CAFe: Cost and Age aware Federated Learning
Sahan Liyanaarachchi, Kanchana Thilakarathna, Sennur Ulukus
TL;DR
The paper tackles resource wastage and communication costs in federated learning with heterogeneous client resources by introducing the Age of Clients (AoC) as a convergence-relevant metric. It analyzes a minimal-learner MCU scheme with a reporting deadline, derives closed-form expressions for resource wastage, communication cost, and AoC, and proves that setting $M=1$ often optimizes these metrics while also linking AoC to convergence bounds. To address heterogeneity, two schemes—Age Weighted Update (AWU) and Aggregated Gradient Update (AGU)—are proposed, and their effectiveness is demonstrated via MNIST experiments under IID and non-IID data distributions.

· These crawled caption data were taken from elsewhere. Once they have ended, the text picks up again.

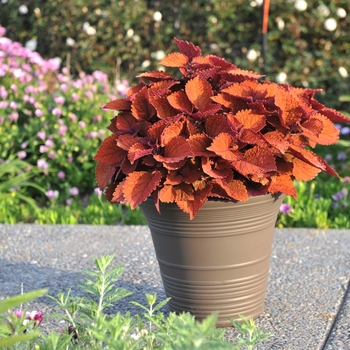 Coleus Main Street 'Wall Street™' (116100)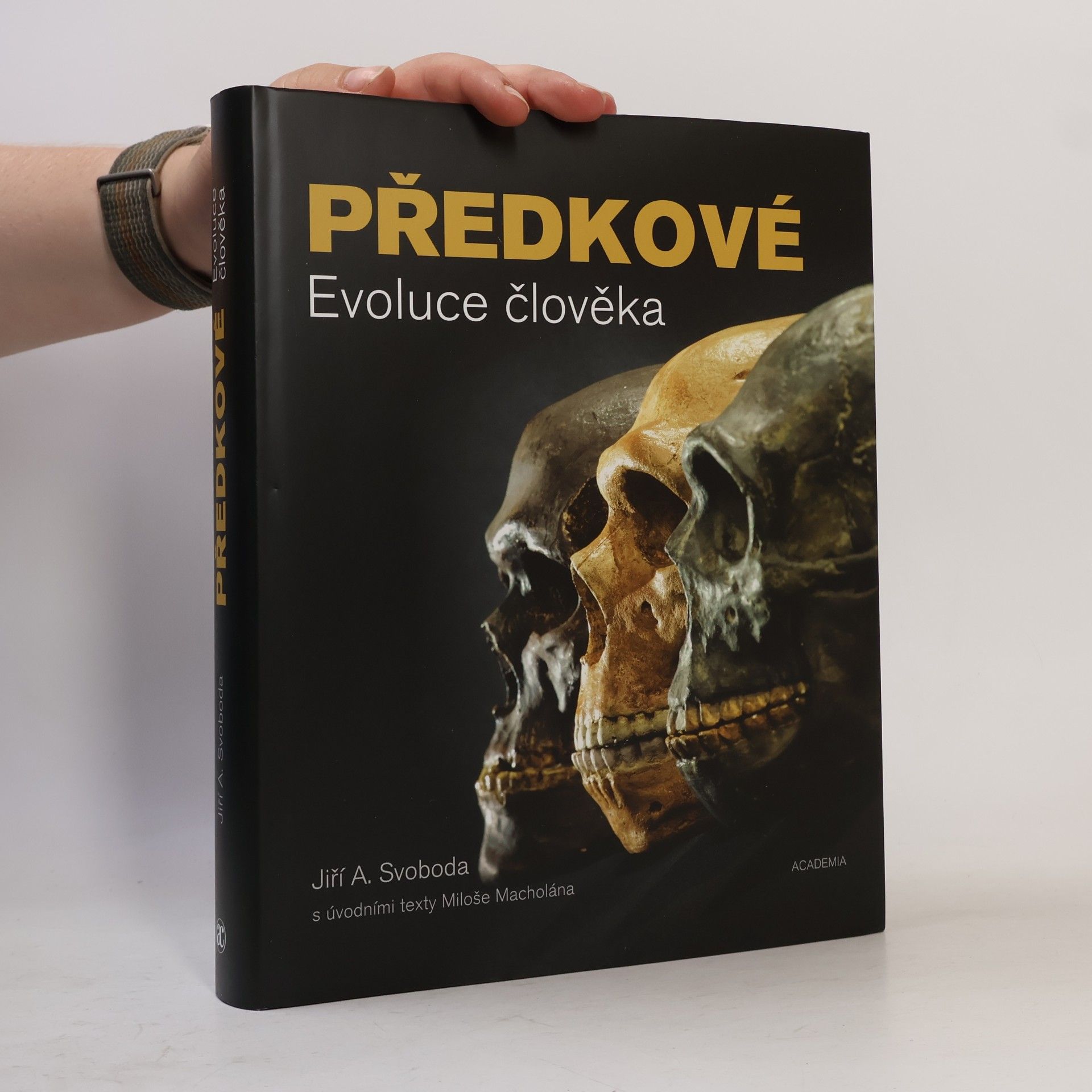 Jiří A. Svoboda Předkové: Evoluce člověka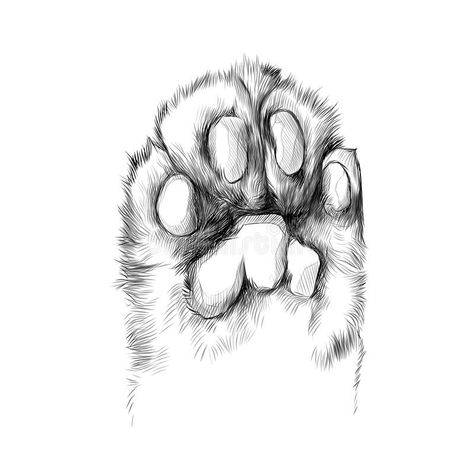 Kitty Paws Drawing, Paw Sketch, Cat Paw Drawing, Paw Drawing, Cats Paw, Cats Art Drawing, Animal Drawings Sketches, Cat's Paw, Cat Sketch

The work provides a principled framework for selecting $M$ and $T$ to balance efficiency and convergence, and offers practical enhancements for robustness against biased or adversarial clients in heterogeneous FL environments.
Abstract
In many federated learning (FL) models, a common strategy employed to ensure the progress in the training process, is to wait for at least $M$ clients out of the total $N$ clients to send back their local gradients based on a reporting deadline $T$, once the parameter server (PS) has broadcasted the global model. If enough clients do not report back within the deadline, the particular round is considered to be a failed round and the training round is restarted from scratch. If enough clients have responded back, the round is deemed successful and the local gradients of all the clients that responded back are used to update the global model. In either case, the clients that failed to report back an update within the deadline would have wasted their computational resources. Having a tighter deadline (small $T$) and waiting for a larger number of participating clients (large $M$) leads to a large number of failed rounds and therefore greater communication cost and computation resource wastage. However, having a larger $T$ leads to longer round durations whereas smaller $M$ may lead to noisy gradients. Therefore, there is a need to optimize the parameters $M$ and $T$ such that communication cost and the resource wastage is minimized while having an acceptable convergence rate. In this regard, we show that the average age of a client at the PS appears explicitly in the theoretical convergence bound, and therefore, can be used as a metric to quantify the convergence of the global model. We provide an analytical scheme to select the parameters $M$ and $T$ in this setting.